------ DATA SHOWN

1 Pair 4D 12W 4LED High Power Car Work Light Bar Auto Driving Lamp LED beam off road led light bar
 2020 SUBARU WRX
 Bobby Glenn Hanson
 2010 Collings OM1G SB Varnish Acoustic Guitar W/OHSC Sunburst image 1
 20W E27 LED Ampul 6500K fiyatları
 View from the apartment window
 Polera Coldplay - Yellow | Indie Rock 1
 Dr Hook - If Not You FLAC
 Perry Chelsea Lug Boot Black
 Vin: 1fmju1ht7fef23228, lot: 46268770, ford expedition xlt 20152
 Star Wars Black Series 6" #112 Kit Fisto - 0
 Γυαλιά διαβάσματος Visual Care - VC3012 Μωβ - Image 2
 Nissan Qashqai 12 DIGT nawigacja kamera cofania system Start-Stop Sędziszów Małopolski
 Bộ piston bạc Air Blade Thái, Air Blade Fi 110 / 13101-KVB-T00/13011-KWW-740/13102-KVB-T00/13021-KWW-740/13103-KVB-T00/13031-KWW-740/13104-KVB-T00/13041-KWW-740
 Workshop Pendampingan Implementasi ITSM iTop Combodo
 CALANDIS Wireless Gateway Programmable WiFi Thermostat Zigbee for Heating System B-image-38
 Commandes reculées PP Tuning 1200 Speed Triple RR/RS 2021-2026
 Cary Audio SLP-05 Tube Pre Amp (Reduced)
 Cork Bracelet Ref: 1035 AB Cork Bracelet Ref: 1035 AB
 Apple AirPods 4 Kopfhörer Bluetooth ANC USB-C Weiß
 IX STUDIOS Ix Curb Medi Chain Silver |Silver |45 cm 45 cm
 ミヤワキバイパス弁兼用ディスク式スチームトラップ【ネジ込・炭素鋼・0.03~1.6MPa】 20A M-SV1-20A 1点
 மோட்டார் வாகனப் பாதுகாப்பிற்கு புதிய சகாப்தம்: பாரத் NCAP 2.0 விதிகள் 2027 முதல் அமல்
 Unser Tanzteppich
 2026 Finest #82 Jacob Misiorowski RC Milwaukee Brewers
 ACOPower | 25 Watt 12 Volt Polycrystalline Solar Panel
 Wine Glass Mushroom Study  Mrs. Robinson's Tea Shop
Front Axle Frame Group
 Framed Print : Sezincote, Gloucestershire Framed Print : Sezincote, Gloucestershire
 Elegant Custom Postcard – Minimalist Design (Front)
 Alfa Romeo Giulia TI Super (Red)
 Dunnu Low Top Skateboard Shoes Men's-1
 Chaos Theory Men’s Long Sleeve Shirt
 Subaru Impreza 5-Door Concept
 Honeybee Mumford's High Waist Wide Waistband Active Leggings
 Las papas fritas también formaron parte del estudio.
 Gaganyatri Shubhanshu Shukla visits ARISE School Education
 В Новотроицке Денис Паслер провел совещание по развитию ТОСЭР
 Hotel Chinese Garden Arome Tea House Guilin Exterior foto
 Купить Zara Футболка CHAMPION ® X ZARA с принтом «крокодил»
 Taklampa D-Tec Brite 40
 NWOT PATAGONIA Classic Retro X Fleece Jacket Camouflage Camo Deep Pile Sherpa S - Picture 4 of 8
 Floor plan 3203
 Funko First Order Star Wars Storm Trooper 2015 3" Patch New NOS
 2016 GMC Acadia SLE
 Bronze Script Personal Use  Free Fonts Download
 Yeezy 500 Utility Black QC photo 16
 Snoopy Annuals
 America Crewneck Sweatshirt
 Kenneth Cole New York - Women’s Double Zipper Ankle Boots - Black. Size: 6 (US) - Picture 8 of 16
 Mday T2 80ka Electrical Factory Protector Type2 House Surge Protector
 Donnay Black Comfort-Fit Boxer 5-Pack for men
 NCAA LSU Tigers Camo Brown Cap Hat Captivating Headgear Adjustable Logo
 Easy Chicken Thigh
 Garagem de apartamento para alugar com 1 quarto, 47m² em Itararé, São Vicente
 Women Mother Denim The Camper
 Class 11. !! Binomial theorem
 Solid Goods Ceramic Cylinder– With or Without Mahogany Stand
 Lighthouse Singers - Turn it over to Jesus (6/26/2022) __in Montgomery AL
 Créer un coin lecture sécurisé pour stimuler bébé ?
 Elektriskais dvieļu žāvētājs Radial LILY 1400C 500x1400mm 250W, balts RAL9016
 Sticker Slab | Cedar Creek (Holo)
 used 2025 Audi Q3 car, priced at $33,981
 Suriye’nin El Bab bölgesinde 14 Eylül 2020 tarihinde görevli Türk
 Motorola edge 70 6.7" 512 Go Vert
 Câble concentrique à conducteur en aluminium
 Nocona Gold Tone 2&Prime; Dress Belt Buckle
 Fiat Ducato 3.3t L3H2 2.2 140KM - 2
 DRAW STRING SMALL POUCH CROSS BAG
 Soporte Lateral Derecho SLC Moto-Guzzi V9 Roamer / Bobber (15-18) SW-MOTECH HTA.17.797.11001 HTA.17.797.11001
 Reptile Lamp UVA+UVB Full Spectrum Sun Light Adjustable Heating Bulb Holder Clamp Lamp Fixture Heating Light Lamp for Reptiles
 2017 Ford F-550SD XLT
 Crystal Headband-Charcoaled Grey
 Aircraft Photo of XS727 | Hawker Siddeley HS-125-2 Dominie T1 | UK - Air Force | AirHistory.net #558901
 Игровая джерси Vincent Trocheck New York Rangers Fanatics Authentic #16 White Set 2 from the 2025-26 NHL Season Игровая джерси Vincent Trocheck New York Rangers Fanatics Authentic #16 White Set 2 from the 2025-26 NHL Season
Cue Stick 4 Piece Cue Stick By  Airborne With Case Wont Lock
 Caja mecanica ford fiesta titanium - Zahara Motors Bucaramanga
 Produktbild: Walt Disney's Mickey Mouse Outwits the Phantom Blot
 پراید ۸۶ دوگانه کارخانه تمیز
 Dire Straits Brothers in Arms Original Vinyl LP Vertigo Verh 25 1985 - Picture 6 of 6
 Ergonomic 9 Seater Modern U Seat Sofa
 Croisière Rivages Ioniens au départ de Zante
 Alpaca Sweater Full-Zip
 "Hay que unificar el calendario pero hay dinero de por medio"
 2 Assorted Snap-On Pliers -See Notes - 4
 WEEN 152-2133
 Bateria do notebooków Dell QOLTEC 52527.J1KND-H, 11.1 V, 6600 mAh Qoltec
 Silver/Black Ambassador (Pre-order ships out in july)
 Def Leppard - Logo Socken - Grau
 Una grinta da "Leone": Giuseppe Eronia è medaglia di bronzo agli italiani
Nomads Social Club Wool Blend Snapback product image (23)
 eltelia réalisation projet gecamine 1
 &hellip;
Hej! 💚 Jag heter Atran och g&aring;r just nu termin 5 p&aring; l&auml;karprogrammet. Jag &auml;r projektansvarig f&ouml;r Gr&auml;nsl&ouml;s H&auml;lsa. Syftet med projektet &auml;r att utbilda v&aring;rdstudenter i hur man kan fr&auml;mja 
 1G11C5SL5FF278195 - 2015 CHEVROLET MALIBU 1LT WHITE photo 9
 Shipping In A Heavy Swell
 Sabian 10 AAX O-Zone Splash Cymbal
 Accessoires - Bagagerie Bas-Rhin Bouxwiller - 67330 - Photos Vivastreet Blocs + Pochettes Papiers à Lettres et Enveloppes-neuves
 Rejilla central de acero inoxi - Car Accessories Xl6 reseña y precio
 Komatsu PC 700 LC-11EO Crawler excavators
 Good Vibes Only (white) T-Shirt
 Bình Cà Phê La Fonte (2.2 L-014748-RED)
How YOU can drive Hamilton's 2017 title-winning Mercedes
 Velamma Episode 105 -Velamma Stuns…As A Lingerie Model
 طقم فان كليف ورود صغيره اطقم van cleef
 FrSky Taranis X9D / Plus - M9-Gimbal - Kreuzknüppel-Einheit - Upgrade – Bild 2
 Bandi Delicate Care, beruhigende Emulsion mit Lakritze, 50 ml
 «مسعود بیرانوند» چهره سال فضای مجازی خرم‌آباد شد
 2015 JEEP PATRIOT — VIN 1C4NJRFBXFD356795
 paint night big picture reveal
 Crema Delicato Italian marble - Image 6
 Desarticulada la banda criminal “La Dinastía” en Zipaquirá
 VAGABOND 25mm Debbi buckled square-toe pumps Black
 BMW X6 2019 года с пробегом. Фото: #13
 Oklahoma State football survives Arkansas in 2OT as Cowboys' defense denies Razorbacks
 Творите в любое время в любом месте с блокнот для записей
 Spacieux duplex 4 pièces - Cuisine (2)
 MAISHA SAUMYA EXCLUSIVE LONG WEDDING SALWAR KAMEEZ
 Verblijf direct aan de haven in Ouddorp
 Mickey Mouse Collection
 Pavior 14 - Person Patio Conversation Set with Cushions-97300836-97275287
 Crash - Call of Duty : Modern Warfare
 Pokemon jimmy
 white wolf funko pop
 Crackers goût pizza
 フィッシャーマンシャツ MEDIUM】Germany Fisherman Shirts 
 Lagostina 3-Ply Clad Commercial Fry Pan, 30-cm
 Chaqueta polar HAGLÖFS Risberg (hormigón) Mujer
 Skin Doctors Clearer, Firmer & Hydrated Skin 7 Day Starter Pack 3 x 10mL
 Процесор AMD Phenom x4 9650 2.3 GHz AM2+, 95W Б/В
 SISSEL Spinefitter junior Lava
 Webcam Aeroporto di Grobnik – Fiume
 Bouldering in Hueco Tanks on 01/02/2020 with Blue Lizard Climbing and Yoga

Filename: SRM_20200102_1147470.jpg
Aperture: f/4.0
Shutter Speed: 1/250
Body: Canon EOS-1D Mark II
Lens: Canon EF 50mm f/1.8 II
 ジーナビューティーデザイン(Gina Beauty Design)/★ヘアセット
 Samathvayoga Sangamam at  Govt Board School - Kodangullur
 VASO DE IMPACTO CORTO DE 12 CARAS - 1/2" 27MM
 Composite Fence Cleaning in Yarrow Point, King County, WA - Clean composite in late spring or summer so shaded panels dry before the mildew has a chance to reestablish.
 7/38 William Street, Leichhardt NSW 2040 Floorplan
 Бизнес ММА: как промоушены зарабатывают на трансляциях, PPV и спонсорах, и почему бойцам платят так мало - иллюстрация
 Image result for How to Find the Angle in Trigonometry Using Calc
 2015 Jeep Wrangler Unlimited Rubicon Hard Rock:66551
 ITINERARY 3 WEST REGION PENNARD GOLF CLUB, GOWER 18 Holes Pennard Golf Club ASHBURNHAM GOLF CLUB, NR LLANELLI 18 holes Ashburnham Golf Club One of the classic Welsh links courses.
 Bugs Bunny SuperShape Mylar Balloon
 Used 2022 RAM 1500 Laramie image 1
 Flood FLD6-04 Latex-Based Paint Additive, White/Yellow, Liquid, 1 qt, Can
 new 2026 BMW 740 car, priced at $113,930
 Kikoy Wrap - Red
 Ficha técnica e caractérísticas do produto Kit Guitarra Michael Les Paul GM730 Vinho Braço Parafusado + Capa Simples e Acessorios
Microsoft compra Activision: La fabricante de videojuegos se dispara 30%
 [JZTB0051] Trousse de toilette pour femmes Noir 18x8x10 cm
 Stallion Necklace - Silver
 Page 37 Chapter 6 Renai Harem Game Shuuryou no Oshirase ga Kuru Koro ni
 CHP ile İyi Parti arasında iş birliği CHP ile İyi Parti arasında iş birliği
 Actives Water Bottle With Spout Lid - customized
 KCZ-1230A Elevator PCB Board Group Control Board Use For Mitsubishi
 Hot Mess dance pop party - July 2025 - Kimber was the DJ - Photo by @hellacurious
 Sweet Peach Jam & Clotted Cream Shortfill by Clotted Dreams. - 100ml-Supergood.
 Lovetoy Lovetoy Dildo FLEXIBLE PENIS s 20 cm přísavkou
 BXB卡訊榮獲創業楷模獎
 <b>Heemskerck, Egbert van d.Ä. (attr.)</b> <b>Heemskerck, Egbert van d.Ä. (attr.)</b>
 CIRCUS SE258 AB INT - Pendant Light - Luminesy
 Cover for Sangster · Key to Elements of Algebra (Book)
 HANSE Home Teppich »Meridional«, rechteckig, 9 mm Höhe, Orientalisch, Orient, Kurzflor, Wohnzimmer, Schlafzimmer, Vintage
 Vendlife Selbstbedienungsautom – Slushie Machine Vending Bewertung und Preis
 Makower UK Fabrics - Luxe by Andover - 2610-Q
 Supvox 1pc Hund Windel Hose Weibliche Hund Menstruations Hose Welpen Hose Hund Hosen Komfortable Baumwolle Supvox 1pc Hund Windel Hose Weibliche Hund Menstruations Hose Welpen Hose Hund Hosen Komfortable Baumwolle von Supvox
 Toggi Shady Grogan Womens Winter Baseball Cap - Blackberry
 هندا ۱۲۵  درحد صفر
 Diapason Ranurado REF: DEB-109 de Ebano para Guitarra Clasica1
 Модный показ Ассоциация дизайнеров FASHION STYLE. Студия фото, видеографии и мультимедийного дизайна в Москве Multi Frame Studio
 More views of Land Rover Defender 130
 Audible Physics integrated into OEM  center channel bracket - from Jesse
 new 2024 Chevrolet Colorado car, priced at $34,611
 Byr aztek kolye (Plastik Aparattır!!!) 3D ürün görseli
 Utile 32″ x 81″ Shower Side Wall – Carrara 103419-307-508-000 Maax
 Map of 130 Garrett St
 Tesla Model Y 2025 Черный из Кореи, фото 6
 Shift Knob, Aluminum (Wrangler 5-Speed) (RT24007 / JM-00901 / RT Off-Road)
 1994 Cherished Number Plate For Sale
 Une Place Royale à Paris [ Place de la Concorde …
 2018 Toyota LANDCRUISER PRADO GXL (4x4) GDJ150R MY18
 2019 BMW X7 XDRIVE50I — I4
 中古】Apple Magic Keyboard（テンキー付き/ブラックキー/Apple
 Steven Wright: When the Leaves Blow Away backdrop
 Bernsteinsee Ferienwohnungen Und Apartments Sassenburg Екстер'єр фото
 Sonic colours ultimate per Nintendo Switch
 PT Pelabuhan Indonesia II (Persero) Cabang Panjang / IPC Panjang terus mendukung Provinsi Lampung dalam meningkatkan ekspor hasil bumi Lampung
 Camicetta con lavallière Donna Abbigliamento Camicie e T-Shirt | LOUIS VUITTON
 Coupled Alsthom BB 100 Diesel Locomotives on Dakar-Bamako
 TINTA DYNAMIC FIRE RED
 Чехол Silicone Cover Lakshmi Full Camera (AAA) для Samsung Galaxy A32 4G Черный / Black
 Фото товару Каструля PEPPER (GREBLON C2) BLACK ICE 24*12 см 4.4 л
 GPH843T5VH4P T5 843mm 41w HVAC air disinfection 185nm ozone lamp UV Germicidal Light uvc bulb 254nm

------------

Please output exactly the lines between the one holding "Desarticulada la banda" and the one holding "VASO DE IMPACTO" in the records above, inclusive, and nothing more.

WRITTEN RESPONSE:
 Desarticulada la banda criminal “La Dinastía” en Zipaquirá
 VAGABOND 25mm Debbi buckled square-toe pumps Black
 BMW X6 2019 года с пробегом. Фото: #13
 Oklahoma State football survives Arkansas in 2OT as Cowboys' defense denies Razorbacks
 Творите в любое время в любом месте с блокнот для записей
 Spacieux duplex 4 pièces - Cuisine (2)
 MAISHA SAUMYA EXCLUSIVE LONG WEDDING SALWAR KAMEEZ
 Verblijf direct aan de haven in Ouddorp
 Mickey Mouse Collection
 Pavior 14 - Person Patio Conversation Set with Cushions-97300836-97275287
 Crash - Call of Duty : Modern Warfare
 Pokemon jimmy
 white wolf funko pop
 Crackers goût pizza
 フィッシャーマンシャツ MEDIUM】Germany Fisherman Shirts 
 Lagostina 3-Ply Clad Commercial Fry Pan, 30-cm
 Chaqueta polar HAGLÖFS Risberg (hormigón) Mujer
 Skin Doctors Clearer, Firmer & Hydrated Skin 7 Day Starter Pack 3 x 10mL
 Процесор AMD Phenom x4 9650 2.3 GHz AM2+, 95W Б/В
 SISSEL Spinefitter junior Lava
 Webcam Aeroporto di Grobnik – Fiume
 Bouldering in Hueco Tanks on 01/02/2020 with Blue Lizard Climbing and Yoga

Filename: SRM_20200102_1147470.jpg
Aperture: f/4.0
Shutter Speed: 1/250
Body: Canon EOS-1D Mark II
Lens: Canon EF 50mm f/1.8 II
 ジーナビューティーデザイン(Gina Beauty Design)/★ヘアセット
 Samathvayoga Sangamam at  Govt Board School - Kodangullur
 VASO DE IMPACTO CORTO DE 12 CARAS - 1/2" 27MM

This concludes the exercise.